San Francisco, CA – The felony case against DeAndre Barney was dismissed on July 10, 2008 after he was proven factually innocent of armed robbery based on San Francisco community safety camera evidence. Video footage showed that the car Barney was driving was not the getaway car, as alleged by police. Barney was represented by Deputy Public Defender Randall Martin.

On May 22, 2008, two young men robbed a store on Haight Street between Webster and Fillmore. According to the police affidavit in support of the arrest warrant, a community safety camera showed the robbers getting out of a light-colored car before the robbery and fleeing in the same car at 15:02:07 hrs. The affidavit states that the license plate of the getaway car was photographed at the corner of Haight and Webster at 15:02:17 hrs.
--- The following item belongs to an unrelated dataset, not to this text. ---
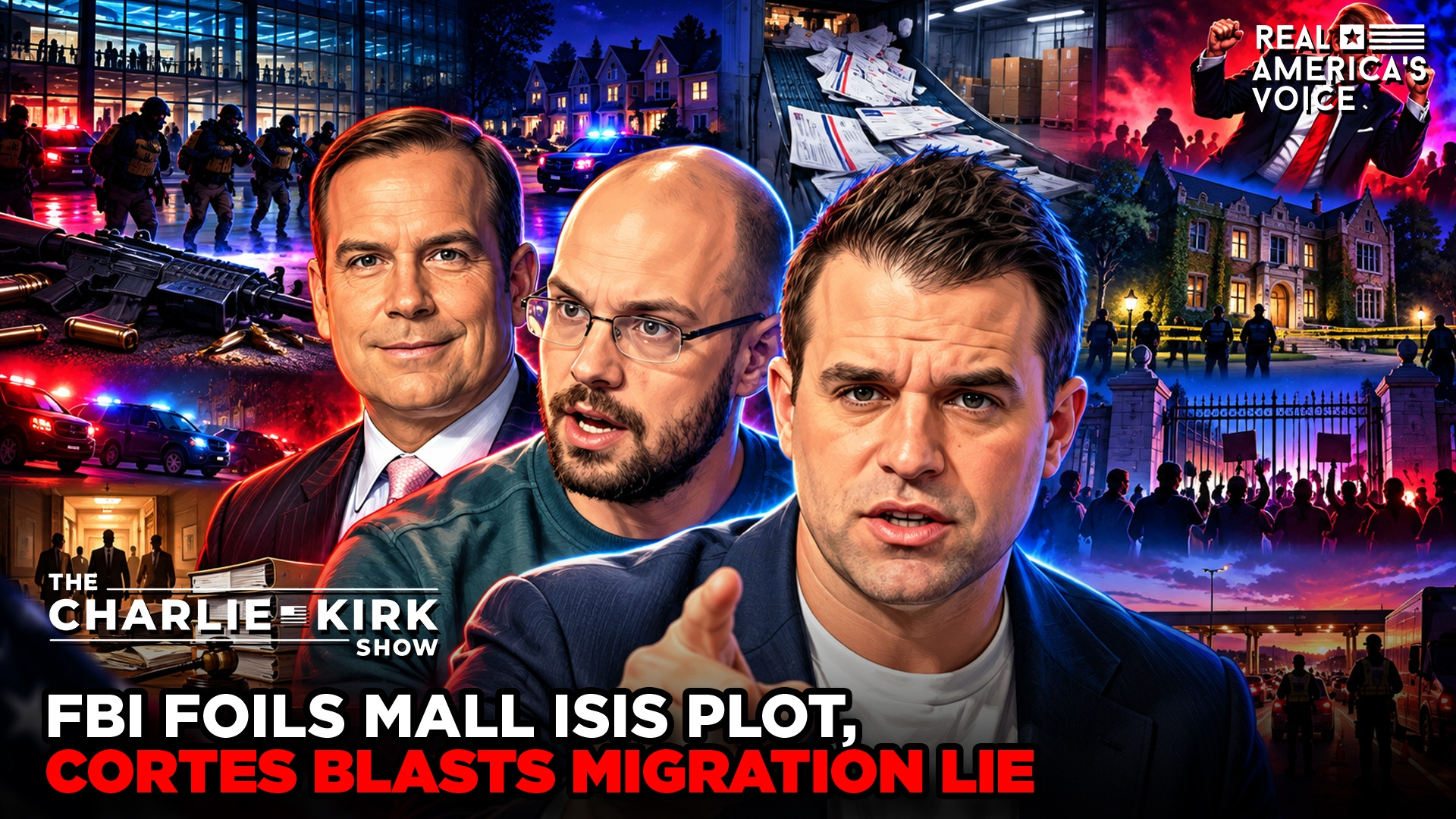 THE CHARLIE KIRK SHOW, PART 1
Barney’s DMV photo was placed in a photo lineup and he was identified by the victim as looking like one of the robbers. The police obtained a warrant and arrested Barney on June 25, 2008.

Deputy Public Defender Martin obtained and reviewed the community safety camera footage. Contrary to the police affidavit, the tapes showed that the robbers actually left the scene in their light-colored car at 14:58:13 – four minutes before the license plate photo was taken. More importantly, the footage showed that Barney’s photographed license plate, which formed the basis for his arrest, was on a different light-colored car than that driven by the robbers.

According to Deputy Public Defender Martin, “My client was in the wrong place at the wrong time. He was wrongly identified as a perpetrator, and the inspector submitted a false affidavit regarding the timing of events shown on the videos. If it weren’t for the community safety camera video, my client might very well have been convicted of armed robbery.”

The District Attorney’s Office dismissed the charges against Barney after verifying the community safety camera footage presented to them by Deputy Public Defender Martin.

According to Public Defender Jeff Adachi, “This case comes out of the storyline of the movie, “My Cousin Vinny,” where one car driven by an innocent man is mistaken for another similar car belonging to the robber. It’s a classic case of why circumstantial evidence can’t always be trusted.”

Adachi noted that this was the second case in the last 12 months where an innocent person was exonerated by evidence obtained by the city’s surveillance cameras.

The mission of the Public Defender’s office is to provide vigorous, effective, competent and ethical legal representation to persons who are accused of crime and cannot afford to hire an attorney. Established in 1921, the San Francisco Public Defender has a long, proud history of providing top-notch representation to its clients, and championing programs that help people turn their lives around.